**REQUIREMENT**
Without the pictures, copy the entries below word for word.

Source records

┌──

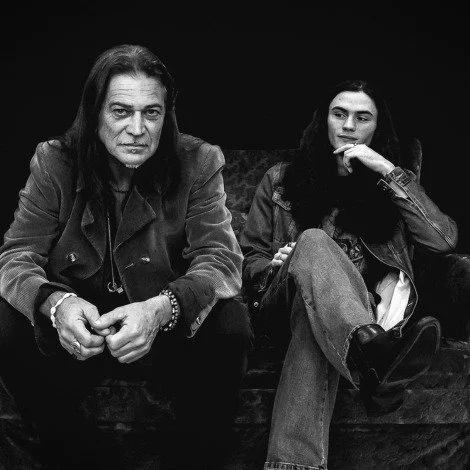 Friday plans? Sorted 👇

Ian Sandercoe Duo live from 7pm bringing the tunes 🎶🔥

Start early with Happy Hour from 3&ndash;5pm | members only 🍻

Cold drinks, live music &amp; a proper Friday night lineup 👏

Tag your crew &amp; we&rsquo;ll see you t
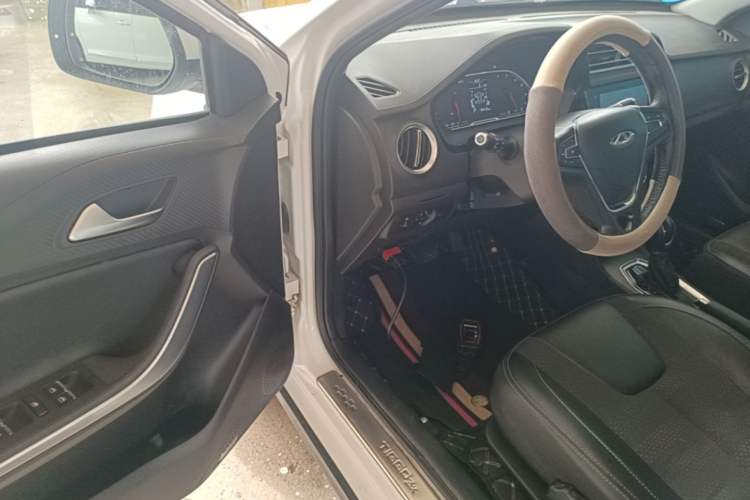 Used Chery Tiggo 3X 2018 1.5L Automatic Elite Edition Driver Seat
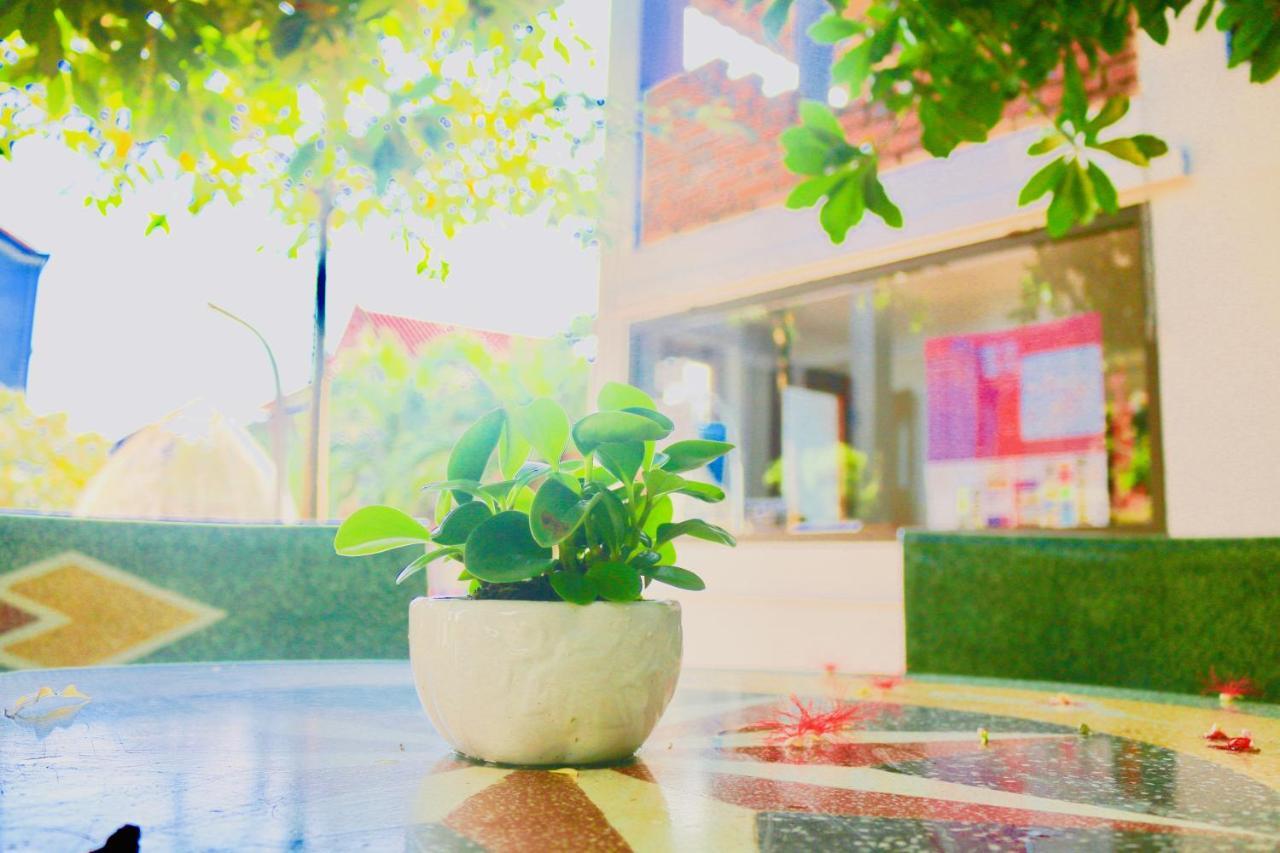 Riverview Homestay Dong Hoi Esterno foto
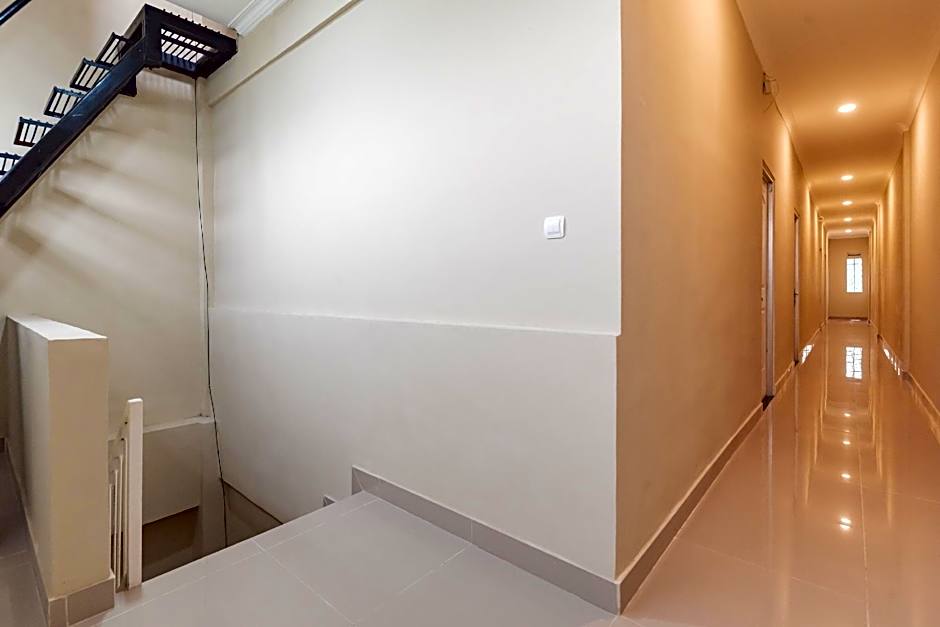 RedDoorz Plus @ Bagusrangin Street 2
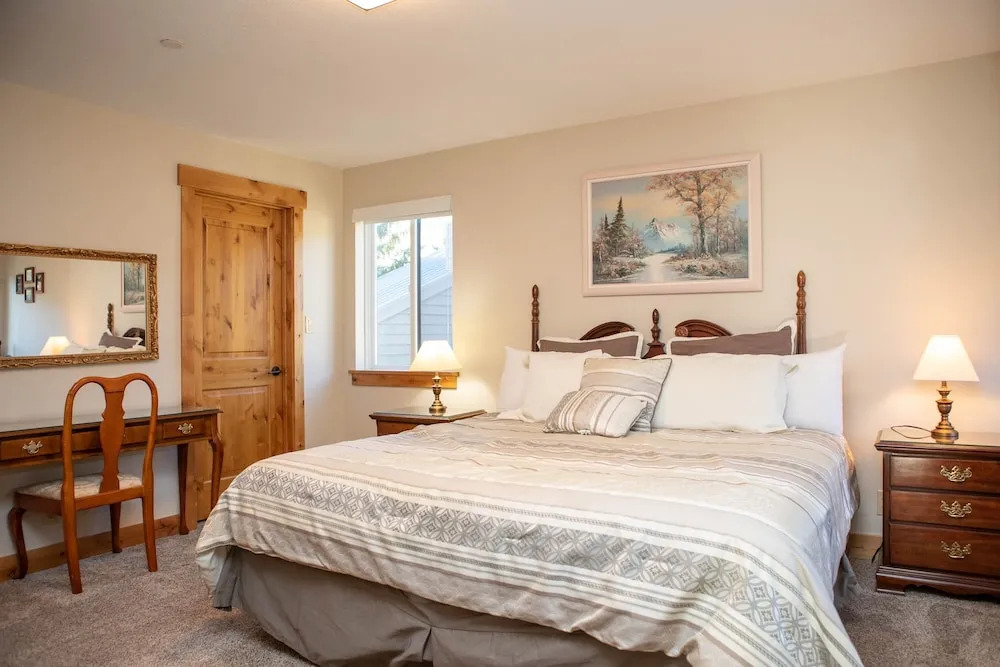 232 Cinnamon Ridge 3 Bedroom Condo by Redawning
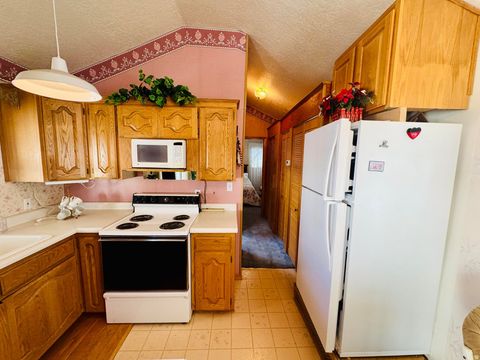 Tiny photo for 1160 E TELEGRAPH St #186, Washington, UT 84780 (MLS # 2150606)
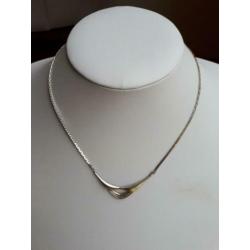 mooie zilveren ketting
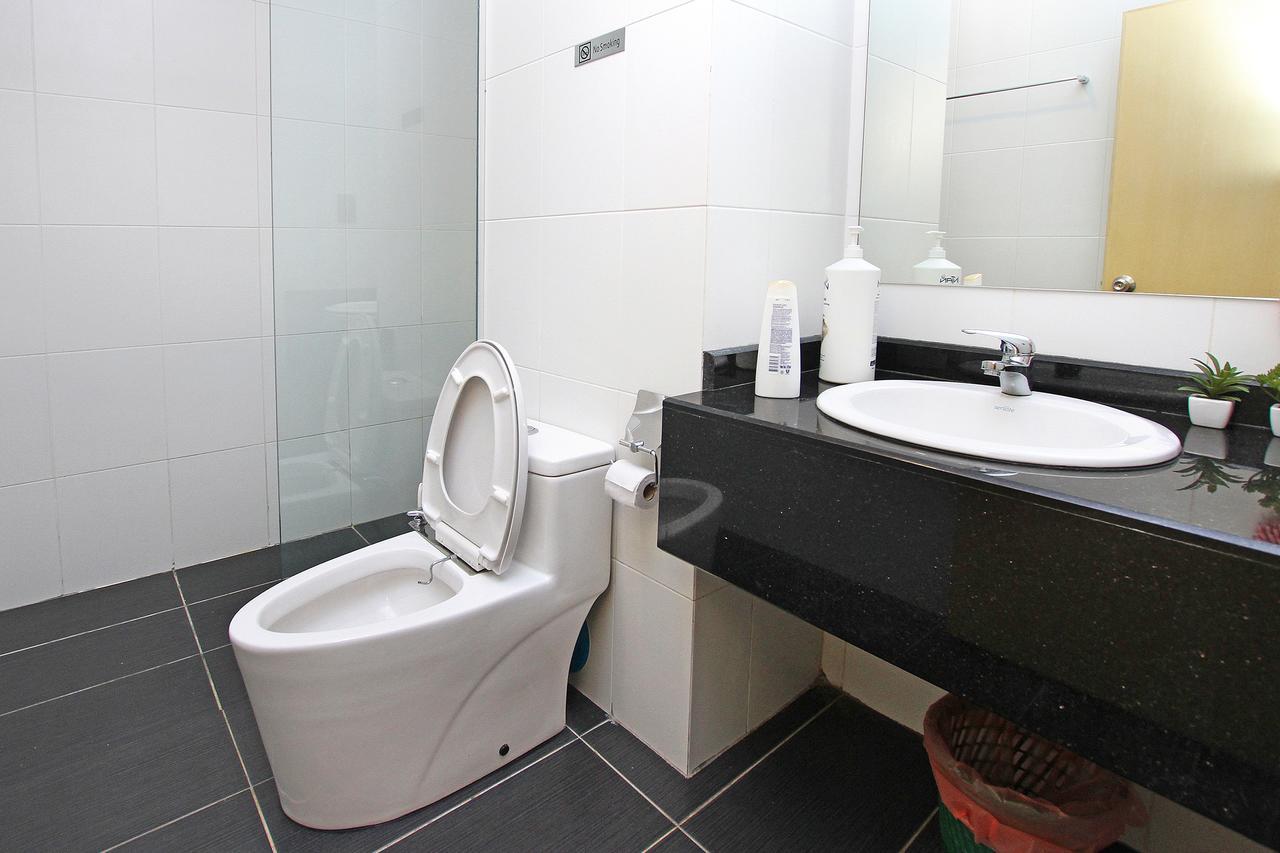 Bernard Holiday Home @ Imperial Suites Kuching Exterior photo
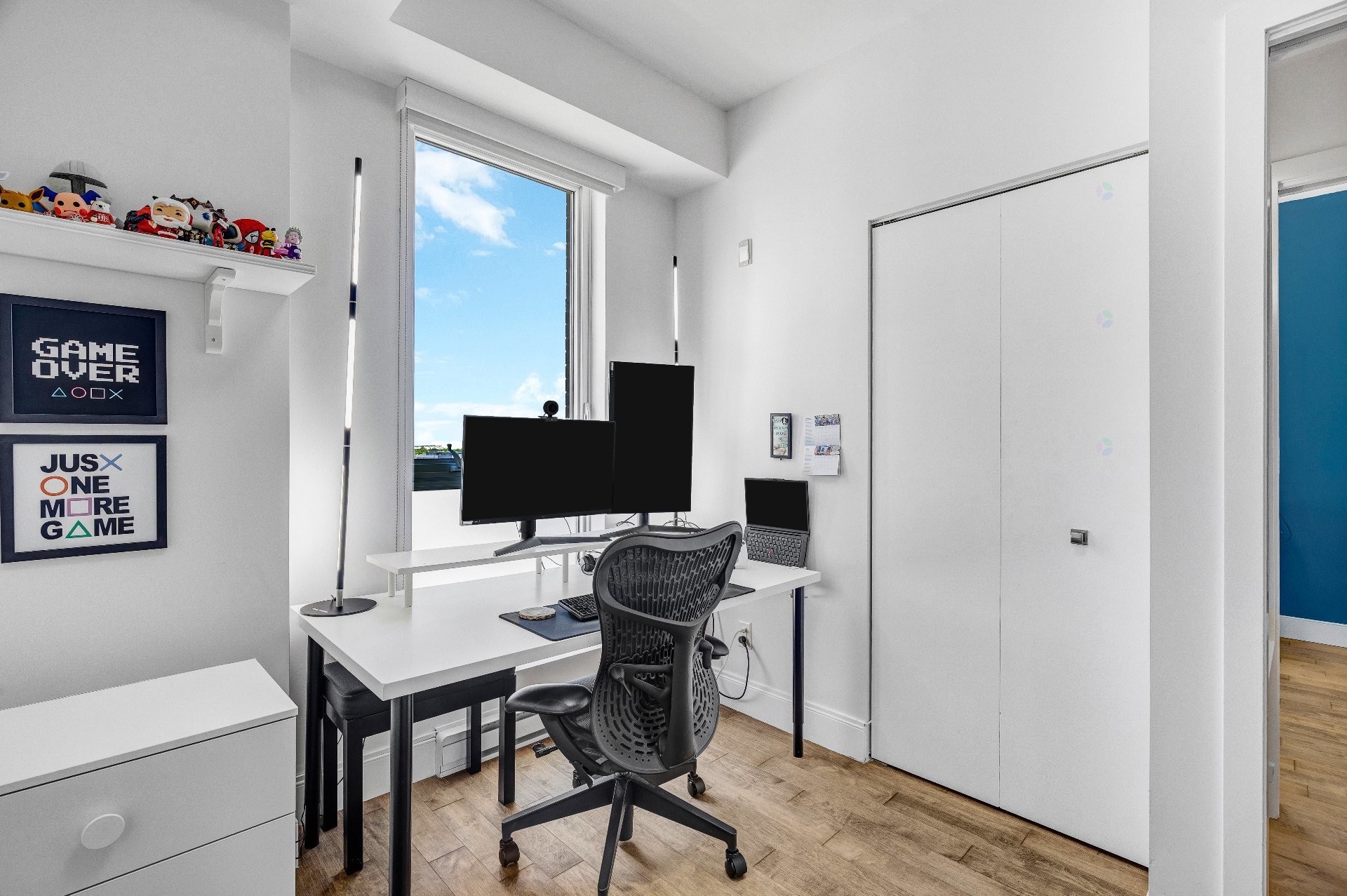 









2530


Place Michel-Brault

, 729,
Montréal (Rosemont/La Petite-Patrie),




QC
H1Y0B6

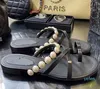 Slingbacks مصممة النساء الثونغات شقة منخفضة الكعب الصندل تنزلق على البغل عتيق لؤلؤة flip-flops الصياد الحزام الأمامي الحزام الأسود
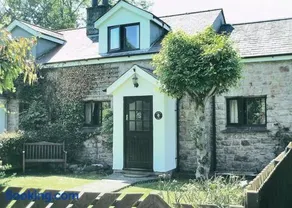 Sycamore Cottage - Image 1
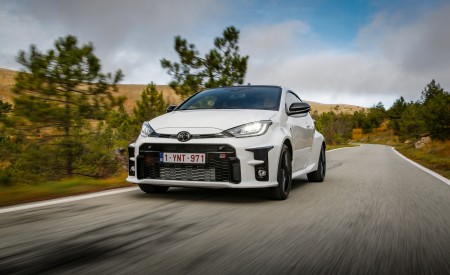2021 Toyota GR Yaris Front Three-Quarter Wallpapers 450x275 (52)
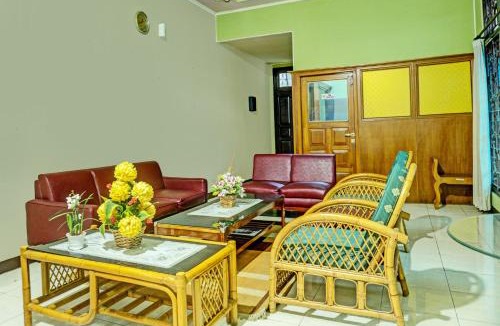 Palembang Hotel | Hotel O Wisma Inayah Syariah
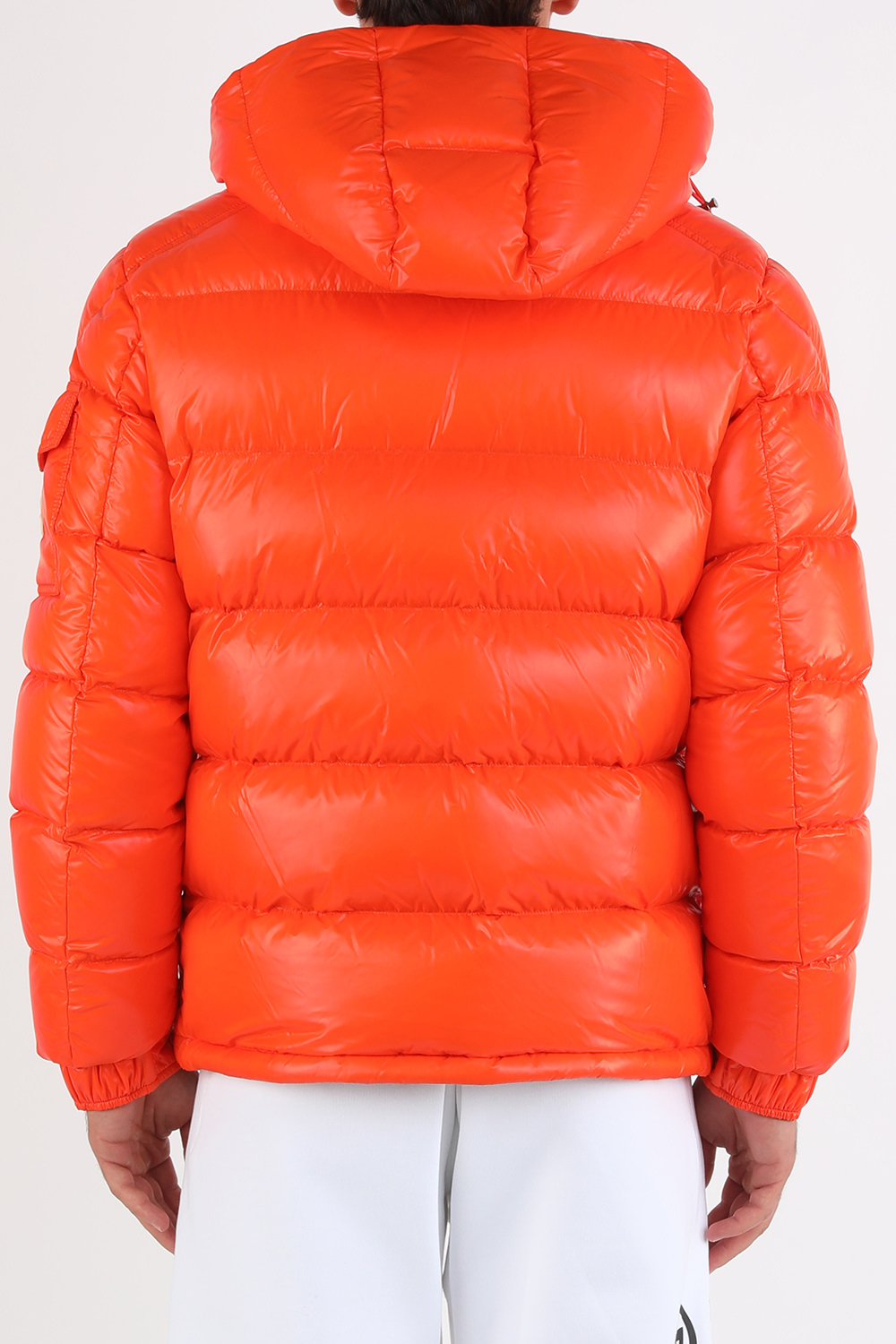 תמונת דוגמן אחורית של מעיל מאיה פאפר עם סגירת רוכסן בגוון כתום מבירק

└──

**SOLUTION TO THE PROBLEM**
 Friday plans? Sorted 👇

Ian Sandercoe Duo live from 7pm bringing the tunes 🎶🔥

Start early with Happy Hour from 3&ndash;5pm | members only 🍻

Cold drinks, live music &amp; a proper Friday night lineup 👏

Tag your crew &amp; we&rsquo;ll see you t
 Used Chery Tiggo 3X 2018 1.5L Automatic Elite Edition Driver Seat
 Riverview Homestay Dong Hoi Esterno foto
 RedDoorz Plus @ Bagusrangin Street 2
 232 Cinnamon Ridge 3 Bedroom Condo by Redawning
 Tiny photo for 1160 E TELEGRAPH St #186, Washington, UT 84780 (MLS # 2150606)
 mooie zilveren ketting
 Bernard Holiday Home @ Imperial Suites Kuching Exterior photo









2530


Place Michel-Brault

, 729,
Montréal (Rosemont/La Petite-Patrie),




QC
H1Y0B6

 Slingbacks مصممة النساء الثونغات شقة منخفضة الكعب الصندل تنزلق على البغل عتيق لؤلؤة flip-flops الصياد الحزام الأمامي الحزام الأسود
 Sycamore Cottage - Image 1
2021 Toyota GR Yaris Front Three-Quarter Wallpapers 450x275 (52)
 Palembang Hotel | Hotel O Wisma Inayah Syariah
 תמונת דוגמן אחורית של מעיל מאיה פאפר עם סגירת רוכסן בגוון כתום מבירק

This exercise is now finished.